Data for analysis ::
★ ★ ★

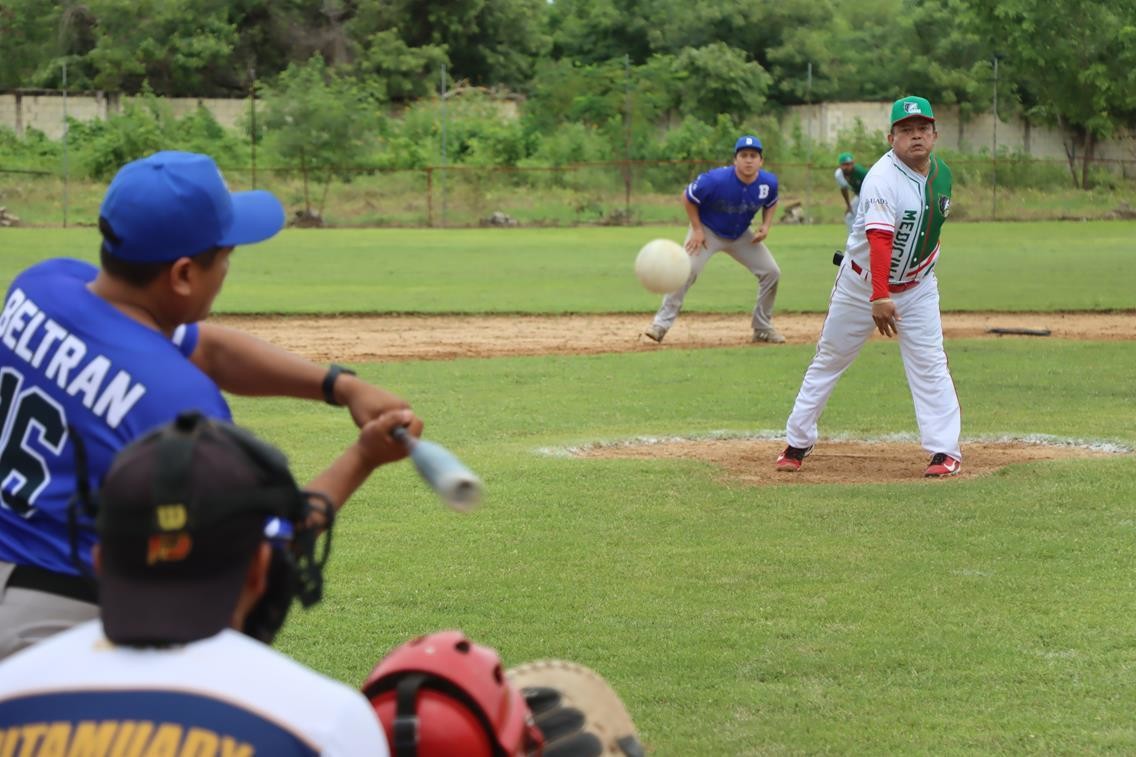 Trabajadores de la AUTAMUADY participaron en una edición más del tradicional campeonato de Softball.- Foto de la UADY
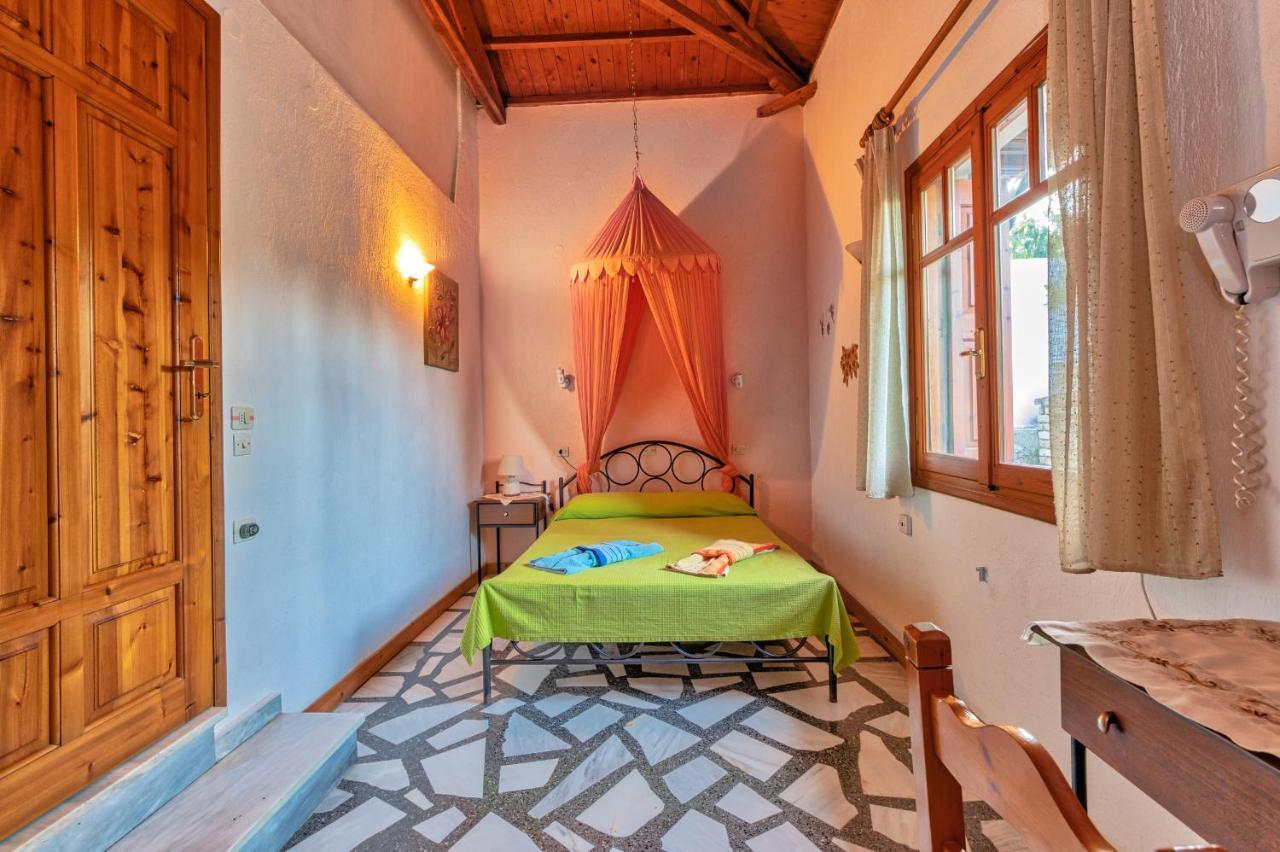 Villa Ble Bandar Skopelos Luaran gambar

★ ★ ★

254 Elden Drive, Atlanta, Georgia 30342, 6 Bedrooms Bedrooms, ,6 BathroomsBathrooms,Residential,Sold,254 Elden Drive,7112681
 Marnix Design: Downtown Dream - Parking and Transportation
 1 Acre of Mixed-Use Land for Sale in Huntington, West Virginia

★ ★ ★

To do ::
Copy the listing above exactly, but only from the line with "Trabajadores de la" through the line with "Villa Ble Bandar Skopelos Luaran gambar", including those two lines and excluding any picture.

Exercise result ::
 Trabajadores de la AUTAMUADY participaron en una edición más del tradicional campeonato de Softball.- Foto de la UADY
 Villa Ble Bandar Skopelos Luaran gambar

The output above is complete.